Dia desses, rodando pelos canais da tevê, acabei parando num filme americano, desses de aventura. Estava já no meio, mas o que vi me despertou um certo interesse. A história girava em torno do seqüestro do Air Force One, o avião que transporta o presidente dos Estados Unidos e sua comitiva.
Sei lá como, o avião havia sido seqüestrado por terroristas, se não me engano, do Cazaquistão, ou de um desses fundões onde há guerrilhas constantes. Uma turminha da pesada, que exigia a incondicional libertação de um certo líder lá deles. Este, prisioneiro dos russos. Os americanos entram na história por causa das célebres ajudas militares que dão aos regimes chamados democráticos, para auxiliá-los no combate às suas encrencas domésticas.
A coisa vai andando feia dentro do avião. Mr. President, sua família e todos os seus puxa-sacos, estão em poder dos bad guys. O chefe dos terroristas, sujeito brabíssimo, um desses doidos ideológicos, dá porradas sem conta em Mr. President; cospe na cara dele, esbraveja exigindo raivosamente a imediata liberdade do seu líder.

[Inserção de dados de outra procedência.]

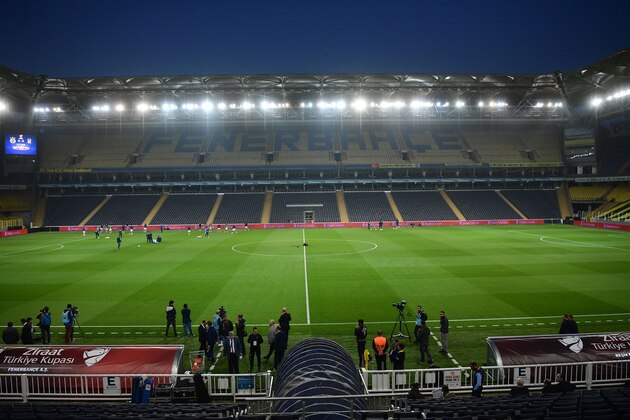 Fenerbahce's players warm up prior to the rescheduled Turkish Cup semi second leg final football match between Fenerbahce and Besiktas on May 3, 2018 at Sukru Saracoglu Stadium in Istanbul. - The match, a Turkish Cup semi-final second leg at Fenerbahce's ground on April 19, was abandoned in the 57th minute after Besiktas coach Senol Gunes was hit by an object hurled out of the stands. (Photo by OZAN KOSE / AFP)        (Photo credit should read OZAN KOSE/AFP/Getty Images)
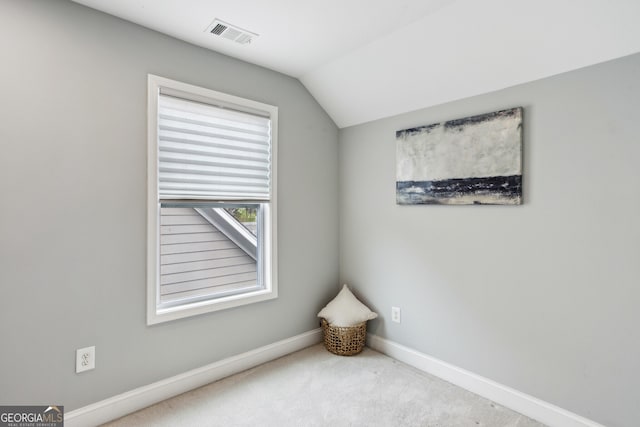 empty room with carpet, visible vents, baseboards, and vaulted ceiling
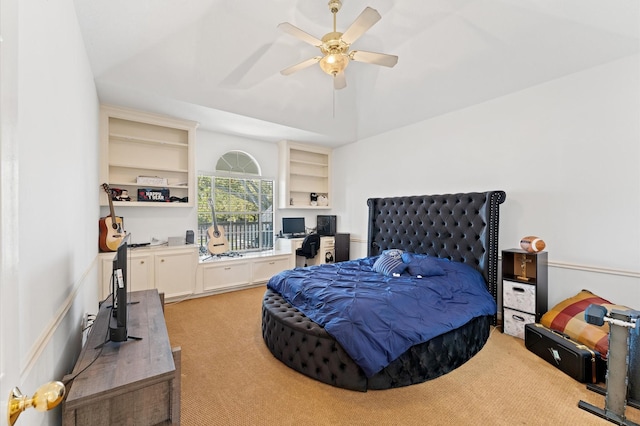 18226 Ennsbury Dr, Houston, TX 77084 - bedroom with light colored carpet, vaulted ceiling, and ceiling fan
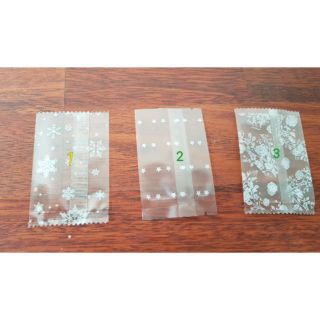 Bịch 100 túi đựng bánh kẹo  hình bông tuyết size 7x10cm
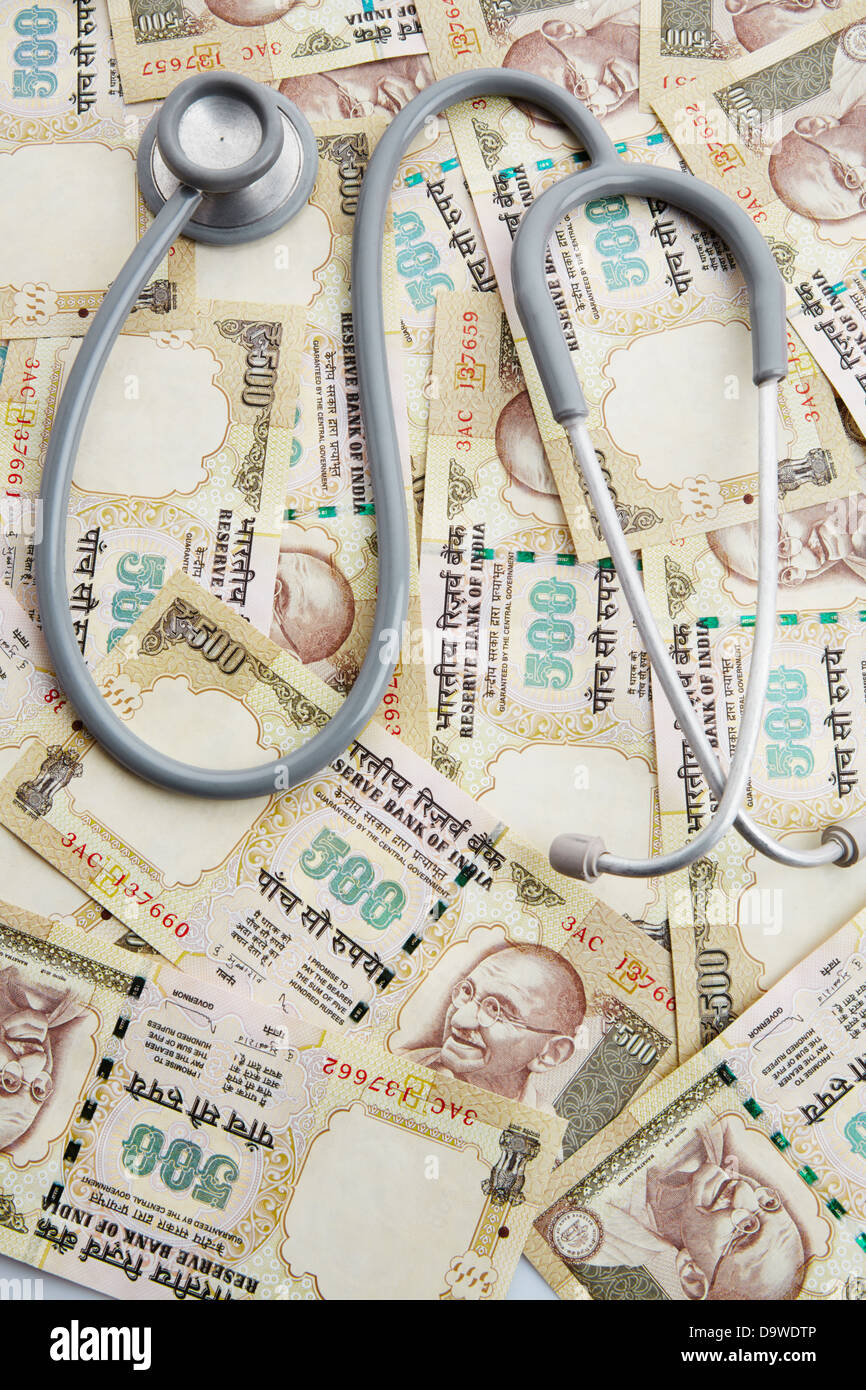 Top view of a stethoscope on Indian five hundred rupee notes Stock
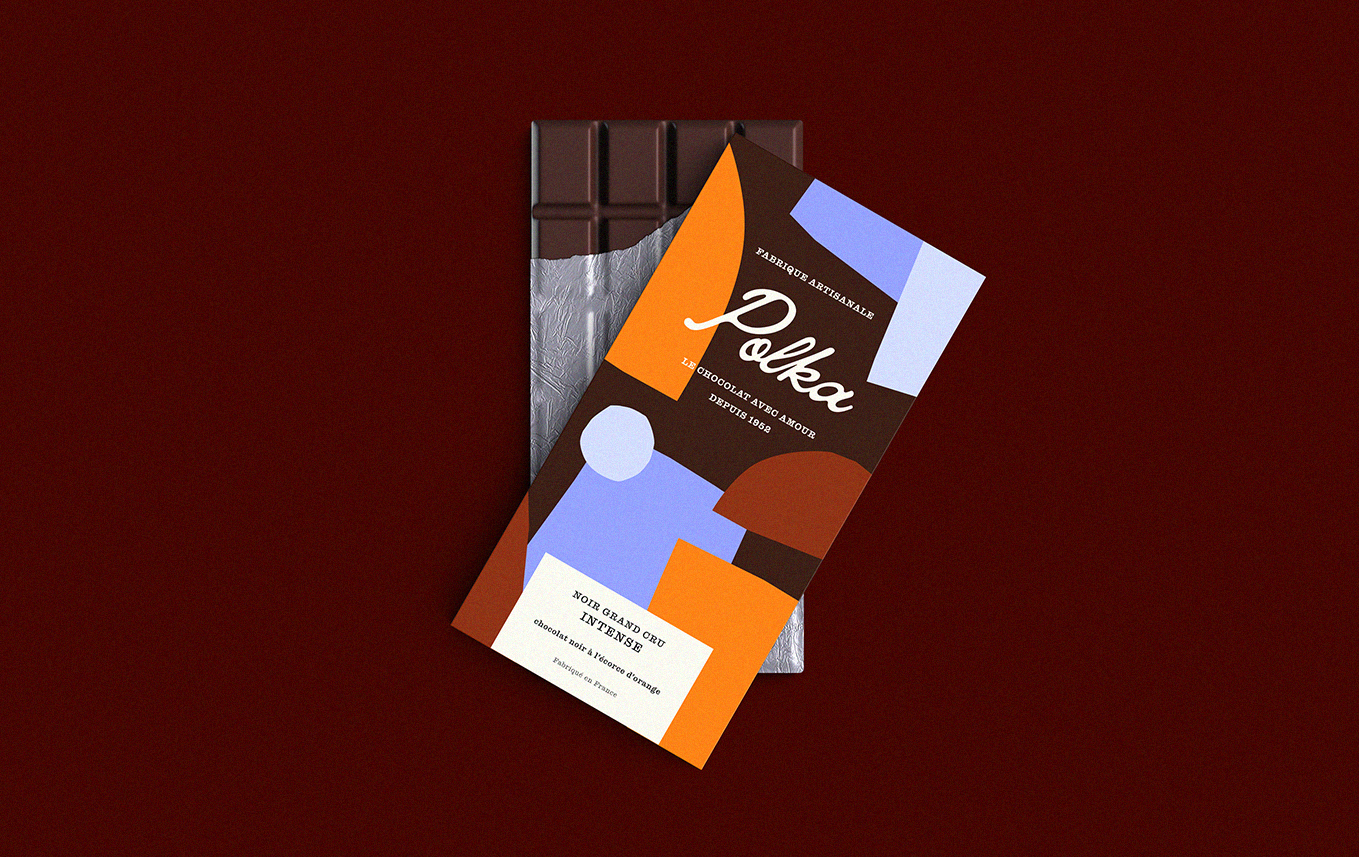 Tablette de chocolat noir emballée dans un emballage coloré avec un design abstrait, posé sur une surface rouge foncé.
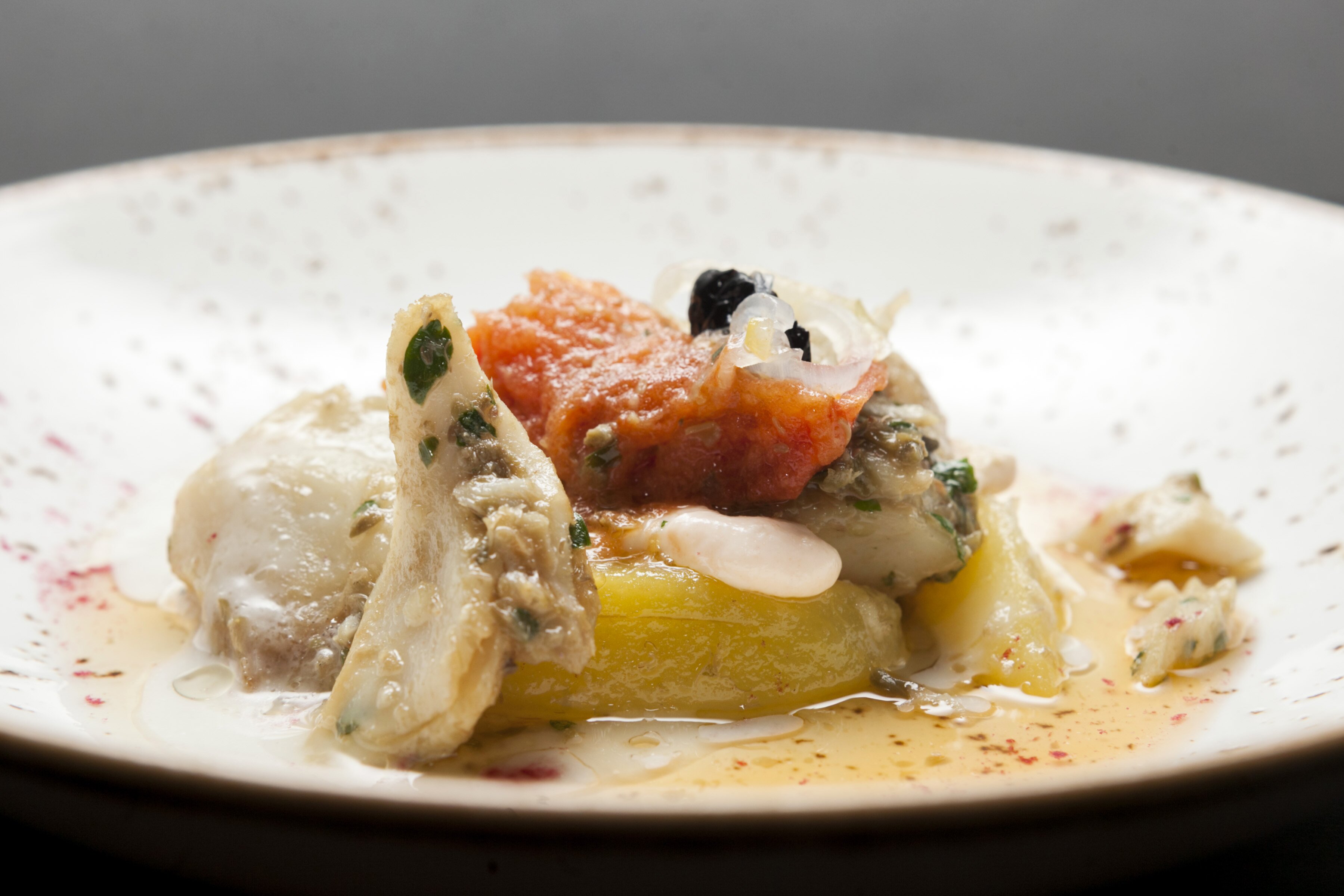 Stoccafisso di Norvegia quasi all’anconetana, patate, olive nere con salsa di cocco-lime e polvere di lampone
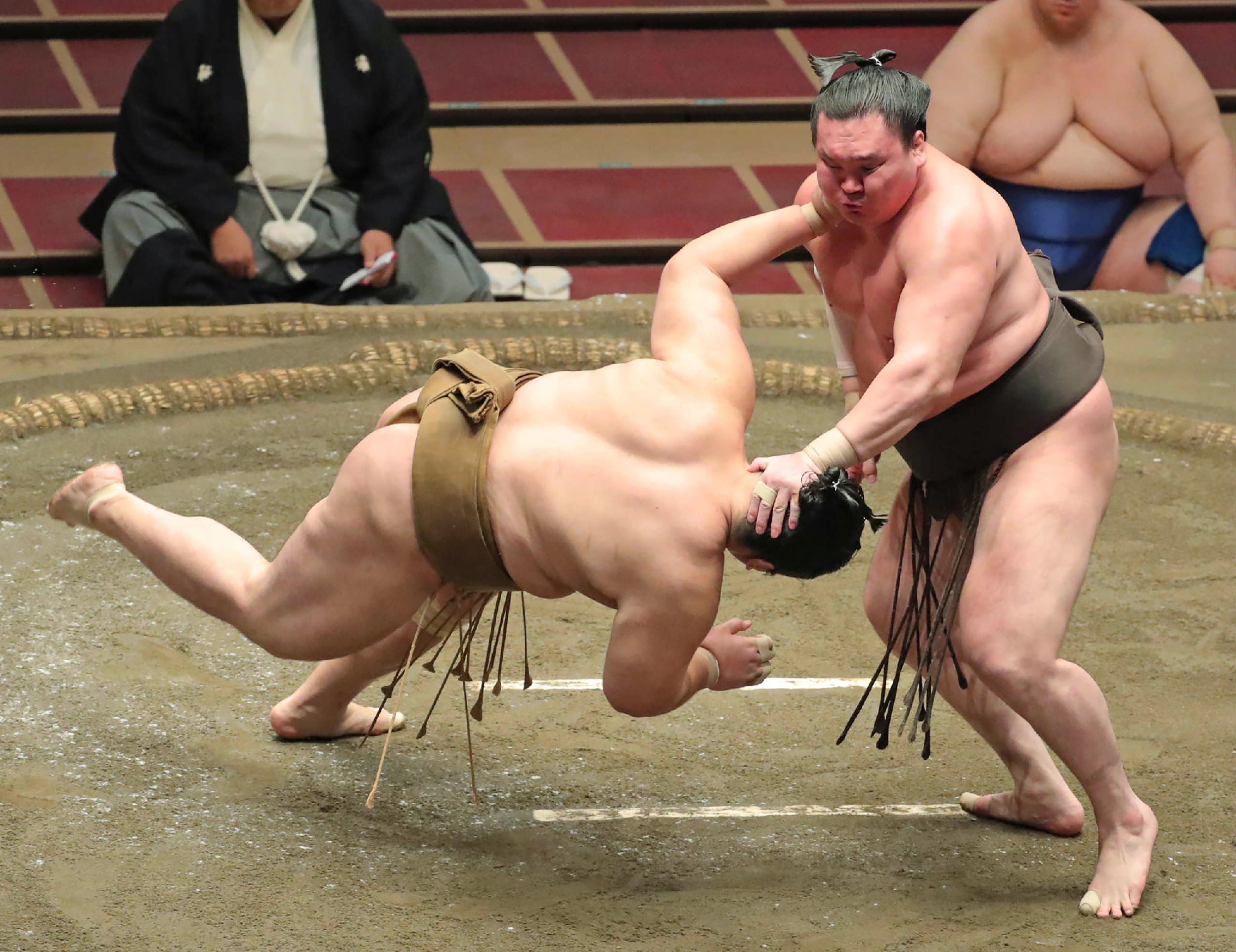 Yokozuna-ranked sumo wrestler Hakuho (R) pushes down opponent Kagayaki in the ring in 2020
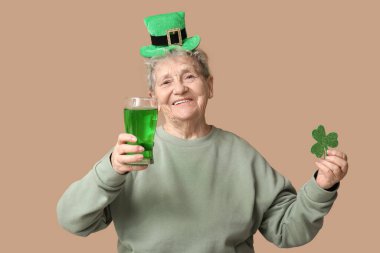 Kahverengi arka planda bir bardak bira ve yoncayla cüce şapkalı yaşlı kadın. Aziz Patrick Günü kutlaması
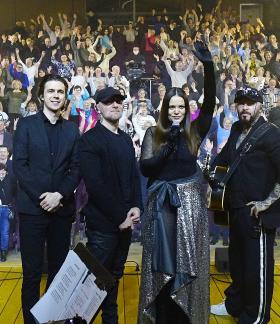 Zespół Blue Cafe w czteroosobowym składzie stoi na scenie odwrócony tyłem do wiwatującej widowni. 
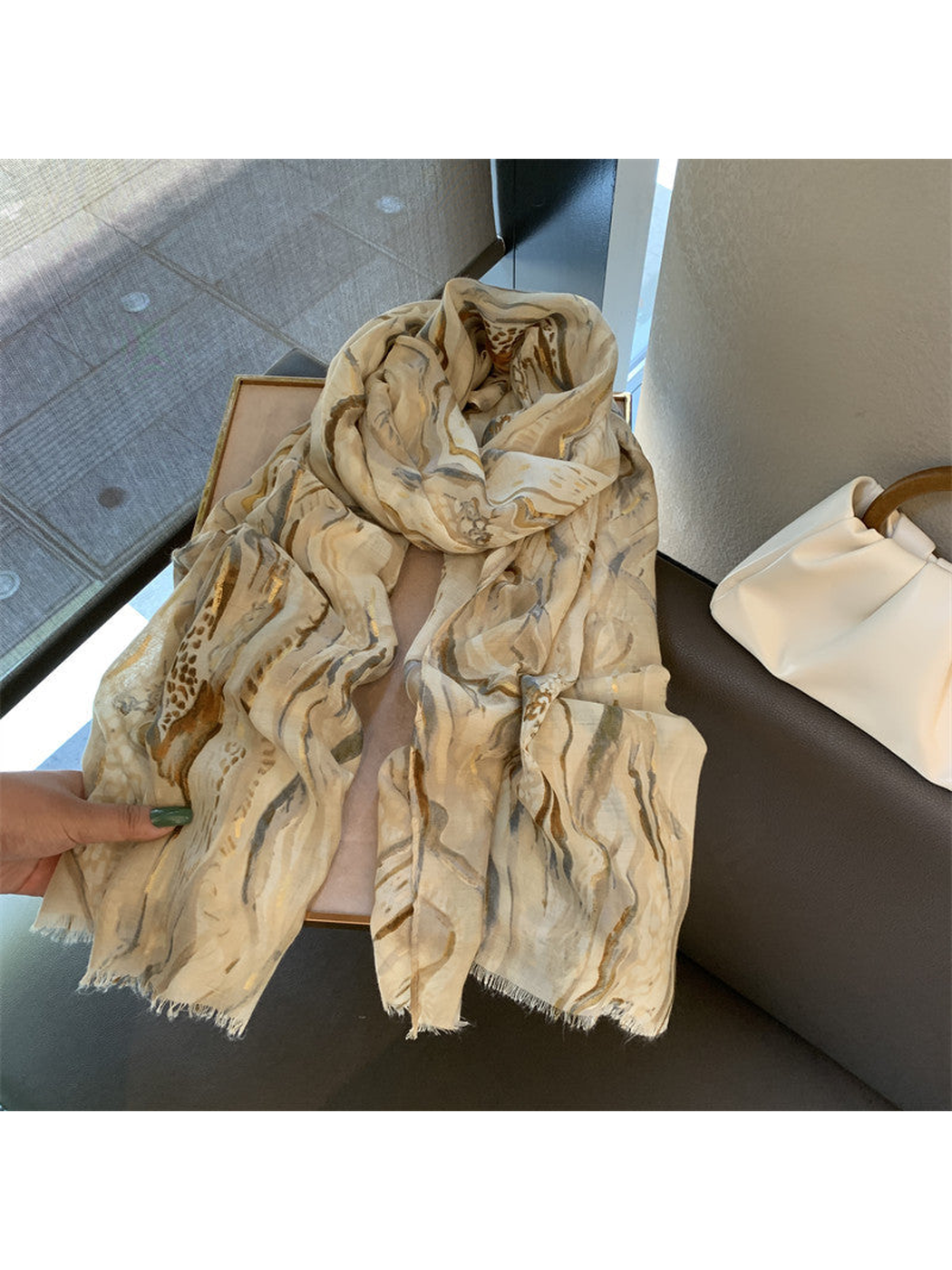 Khaki abstract-pattern scarf loosely draped across a display tray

Mr. President resiste estoicamente ao suplício. Mas, às tantas, mediante a ameaça de matarem sua filha, sem saída, cede. E, chateadíssimo por ter de pedir penico aos russos, liga para o Kremlin e solicita encarecidamente que libertem o tal general. Providências em marcha. Os terroristas exultam com o sucesso da empreitada, vibram por humilhar o homem mais poderoso do mundo. Mas não sabem o que os espera.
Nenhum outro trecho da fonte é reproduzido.